I don’t think so. There is so much talent in T20 cricket it would be stupid to think the game was done. Having said that, if you were ever going to lose in a World Cup semi-final and not be disappointed, you would be in the wrong sport. But, it’s in the past. We played some amazing cricket… ultimately there will be another day. The exciting part (is) that we have a chance to redeem ourselves in 12-months.

Talk about your ability to bowl off-spin and leg-spin. That does come in handy in T20 cricket?

I did it to try and get myself back in the England squad. I thought the best way was to try and offer something somebody else does not have. It’s something I have worked a lot on the last many years. Even 12 months ago, if you had said I was going to play a game for England or the T20 World Cup, I probably would have laughed at it. It has really been a good 12 months for me and my bowling has been a massive part of it. It gives me confidence that I can now affect the game in all three facets, which is really pleasing for me.

Eoin Morgan said during the World Cup that you can have the sort of impact Ben Stokes has in a match.

That’s something you want from your captain. (Coming) from somebody who has played the amount of cricket Morgs has, it was really pleasing to hear that. I have quite enjoyed playing under him. He’s formed an amazing cricket team over the past few years. It would be certainly nice to spend some more time under his leadership because I think he is perfect for my cricket.

You look more upright while power-hitting, unlike say someone like Andre Russell, who uses the depth of the crease more and stays low.

Everybody has got a different method and different things work for different people. If I try to copy Andre, I wouldn’t be as effective as he would be if he tried to copy me. The crucial thing is we should try and be the best version of ourselves. Hopefully, over the next how many years I can keep developing my power game. Ultimately I want to become the best power-hitter in the world. I am a long way off from that. In the last 12 months, all I have looked to do is to play positive cricket. It has worked. I will continue to do that in the next 12 months.

Your 42-ball hundred against Pakistan at Trent Bridge recently stood out, everything fell into place.

It usually does when you get a T20 hundred. It was really nice. It was an opportunity I thought I would not get. It was nice to get the fastest T20 hundred for England; it’s something that’s pretty cool to have by my name.

But such days don’t come often, particularly in power-hitting. Does the cricket ecosystem understand that?

That’s something you have to accept in short-format cricket, that you are going to have many bad days and only a couple of good days. So you have to appreciate the good days when they come. I know for a fact that if I have a very good day, there is a chance my team is going to win. That’s a really nice thing to have as a player, that you can be a match winner on a given day. That’s what people want around the world in T20 cricket.

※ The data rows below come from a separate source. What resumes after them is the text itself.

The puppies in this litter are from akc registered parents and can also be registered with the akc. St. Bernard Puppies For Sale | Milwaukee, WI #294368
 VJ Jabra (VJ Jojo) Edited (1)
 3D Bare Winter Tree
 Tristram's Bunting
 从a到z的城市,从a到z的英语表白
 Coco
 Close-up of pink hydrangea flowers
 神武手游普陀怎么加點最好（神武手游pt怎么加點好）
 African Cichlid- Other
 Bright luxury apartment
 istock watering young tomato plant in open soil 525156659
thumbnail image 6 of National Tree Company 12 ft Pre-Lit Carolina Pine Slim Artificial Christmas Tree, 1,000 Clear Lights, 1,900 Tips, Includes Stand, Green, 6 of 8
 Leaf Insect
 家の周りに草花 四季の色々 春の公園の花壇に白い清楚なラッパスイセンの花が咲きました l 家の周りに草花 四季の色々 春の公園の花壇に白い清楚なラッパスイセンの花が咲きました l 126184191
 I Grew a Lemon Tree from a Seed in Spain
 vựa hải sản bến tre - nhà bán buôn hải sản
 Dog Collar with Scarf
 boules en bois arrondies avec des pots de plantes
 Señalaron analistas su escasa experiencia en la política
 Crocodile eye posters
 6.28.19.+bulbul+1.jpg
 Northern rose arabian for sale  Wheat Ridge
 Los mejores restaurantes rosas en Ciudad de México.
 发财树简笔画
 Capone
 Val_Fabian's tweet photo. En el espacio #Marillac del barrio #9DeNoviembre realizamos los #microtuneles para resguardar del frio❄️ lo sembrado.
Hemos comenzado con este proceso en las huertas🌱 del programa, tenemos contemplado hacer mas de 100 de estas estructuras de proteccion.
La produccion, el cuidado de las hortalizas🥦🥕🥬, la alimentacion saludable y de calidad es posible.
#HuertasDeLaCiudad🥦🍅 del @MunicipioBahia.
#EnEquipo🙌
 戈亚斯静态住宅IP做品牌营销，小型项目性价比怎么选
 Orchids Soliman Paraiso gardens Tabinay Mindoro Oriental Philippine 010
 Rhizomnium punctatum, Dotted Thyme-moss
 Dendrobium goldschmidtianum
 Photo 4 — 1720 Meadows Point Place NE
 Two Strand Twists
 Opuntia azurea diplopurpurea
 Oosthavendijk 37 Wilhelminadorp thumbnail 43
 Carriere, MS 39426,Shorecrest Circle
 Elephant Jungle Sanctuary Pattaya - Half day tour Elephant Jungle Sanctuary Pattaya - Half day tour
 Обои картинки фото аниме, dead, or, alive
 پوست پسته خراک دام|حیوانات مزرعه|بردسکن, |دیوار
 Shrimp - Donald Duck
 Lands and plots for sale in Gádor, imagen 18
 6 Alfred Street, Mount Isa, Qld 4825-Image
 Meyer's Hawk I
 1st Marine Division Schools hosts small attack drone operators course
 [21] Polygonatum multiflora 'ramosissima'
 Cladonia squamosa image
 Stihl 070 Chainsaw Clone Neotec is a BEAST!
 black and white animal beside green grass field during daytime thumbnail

How are you preparing for the next 11 months, in the lead-up to the next T20 World Cup?

I have got this T10 league, and then I have six weeks off. I am not looking too much ahead of that. I have an exciting opportunity in the next few weeks, and an even more exciting opportunity to keep away from cricket and spend some time with family and friends for Christmas. It’s something that I am really looking forward to, something I haven’t been able to do in the last 2-3 years.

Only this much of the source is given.